2 Apr 2025, Wed

After working with dozens of engineering teams who’ve seen their Snowflake bills unexpectedly balloon to six or seven figures, I’ve noticed a pattern: most teams implement the same handful of basic optimizations they find in Snowflake’s documentation, then hit a wall. They resign themselves to escalating costs as “just the price of doing business” with cloud data warehouses.

But it doesn’t have to be this way.

The reality is that the difference between a well-optimized and poorly-optimized Snowflake implementation can easily represent a 40-60% cost difference—without sacrificing performance or capabilities. The challenge? The most impactful optimization techniques rarely appear in official documentation or basic tutorials.

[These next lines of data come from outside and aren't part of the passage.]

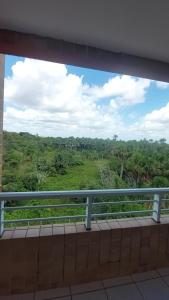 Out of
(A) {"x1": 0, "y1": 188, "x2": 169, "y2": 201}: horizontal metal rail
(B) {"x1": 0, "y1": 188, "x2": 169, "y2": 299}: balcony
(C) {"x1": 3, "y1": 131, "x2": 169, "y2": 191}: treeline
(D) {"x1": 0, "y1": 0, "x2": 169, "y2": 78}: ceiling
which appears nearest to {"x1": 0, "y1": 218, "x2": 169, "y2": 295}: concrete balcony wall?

Let me share what I’ve learned helping teams slash their Snowflake bills while actually improving their data platform’s performance.

Beyond the Basics: Advanced Query Optimization Patterns

Everyone knows to use appropriate warehouse sizes and to leverage caching. But here are three query patterns that silently drain your credits:

1. The Hidden Cost of Subqueries

Consider this common pattern:

SELECT 
  user_id, 
  (SELECT MAX(purchase_date) FROM purchases p WHERE p.user_id = u.user_id) as last_purchase_date,
  (SELECT COUNT(*) FROM purchases p WHERE p.user_id = u.user_id) as purchase_count
FROM users u
WHERE account_status = 'active';

This innocent-looking query forces Snowflake to scan the purchases table twice for every user – a classic N+1 query problem.

Optimized version:

SELECT 
  u.user_id,
  p_agg.last_purchase_date,
  p_agg.purchase_count
FROM users u
LEFT JOIN (
  SELECT 
    user_id, 
    MAX(purchase_date) as last_purchase_date,
    COUNT(*) as purchase_count
  FROM purchases
  GROUP BY user_id
) p_agg ON u.user_id = p_agg.user_id
WHERE account_status = 'active';

In a recent project, this pattern alone reduced query costs by 27% across an analytics workload by significantly decreasing the amount of data scanned.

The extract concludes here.